C’est en tout cas ce que j’ai essayé d’analyser, à travers les textes de Zebda et La Rumeur, en regardant comme ces groupes ont traité la question de la mémoire de l’immigration, et comment ils réussissaient à surmonter les obstacles à la construction de cette mémoire. Mais les formes de résistances sont très variables. Elles peuvent culturelles, symboliques, économiques, mais surtout politiques.

Entre l’assimilation et le repli identitaire, où se situe la véritable alternative vers l’autonomie ?

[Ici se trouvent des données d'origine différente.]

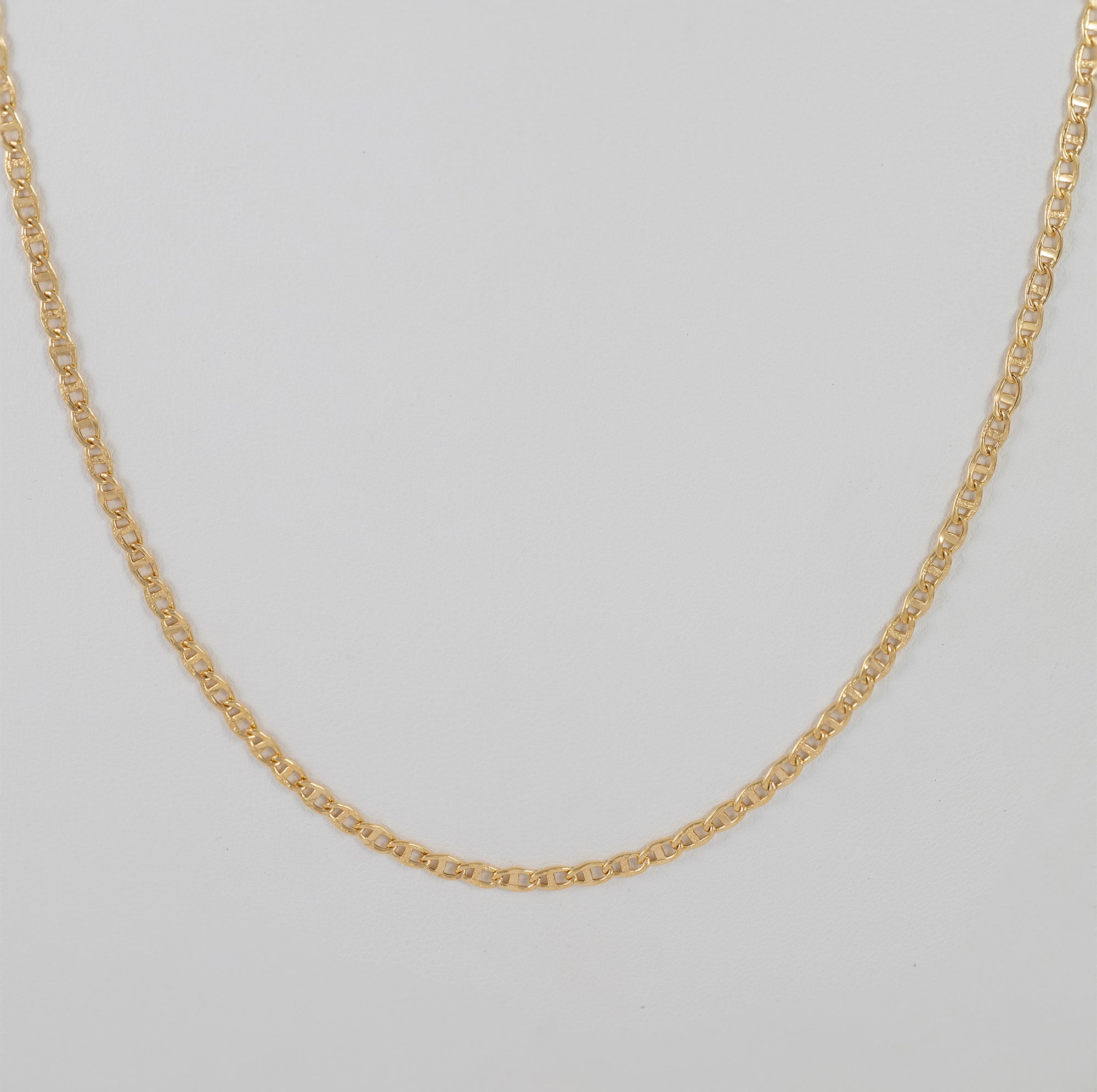 Cadena de oro 18k 750 50cm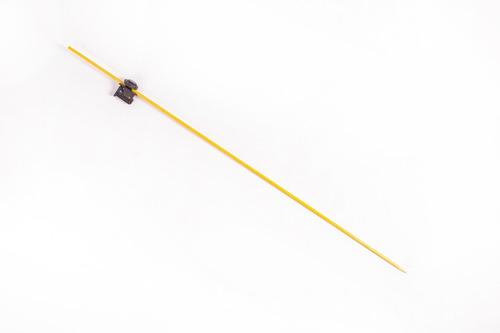 PACK 10 Varillas pastor + Aisladores eco 120CM 12MM ZAR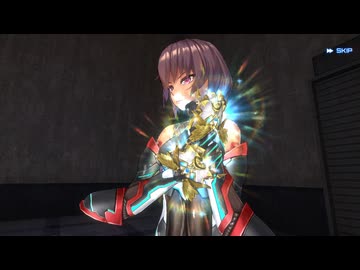 【アクション対魔忍】クローンゆきかぜでステージ２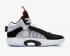 Air Jordan 35 DNA White Black University Red Multi-Color CQ4227-001
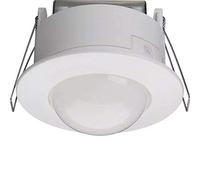 Hager EE805 - Detector infrarrojos 360 empotrable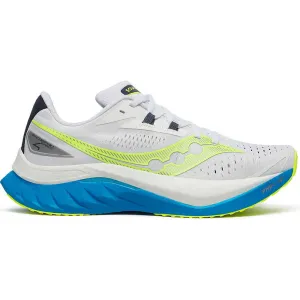 Mens Endorphin Speed 4 - White/Viziblue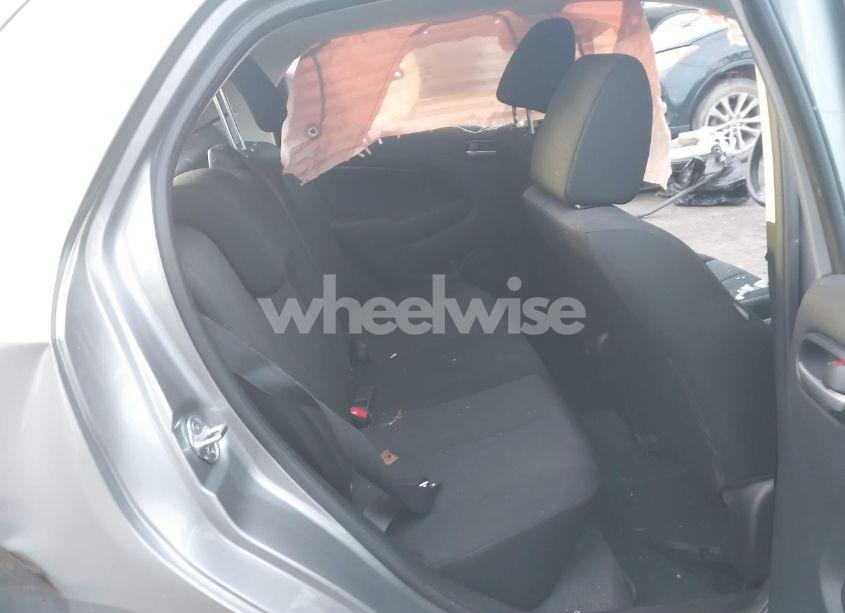 Photo 8 of 2014 Mazda Mazda2 SPORT (VIN JM1DE1KZ1E0173747)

La notion de repli peut être affiné avec ce que j’ai appelé repli exclusif (au sens de votre « repli identitaire ») et repli d’ouverture. Le premier fonctionne en deux temps : la frontière entre culture dominée et culture dominante est conservée, mais il opère une inversion du rapport, celui qui est dominé devient dominant. C’est par exemple le cas de certains musulmans qui infériorise la culture occidentale en mythifiant la culture et la religion musulmane, mais sans remettre en cause la frontière entre les deux. Le repli d’ouverture (notion en elle-même paradoxale) serait une voie alternative à l’assimilation et au repli exclusif, mais il suppose une conscience politique : prendre conscience de ses propres déterminations pour essayer de changer sa propre existence. Il viserait à subvertir l’ordre de la domination en voulant supprimer la frontière entre cultures, et en posant la question de l’autonomie : parce que ce qui est en jeu dans tout ça, c’est la capacité des héritiers de l’immigration postcoloniale à définir leur propre identité. L’assimilation nie cette capacité sous le prétexte d’un soi-disant universalisme (qui cache en fait une vision chauvine de la société). Le repli exclusif reprend cette capacité mais en s’enfermant sur lui-même, ce qui n’est pas viable à long terme. Mais il est possible qu’une troisième voie émerge, qui soit ni « assimilationniste », ni « communautariste ». C’est aux individus de la construire par l’expérimentation.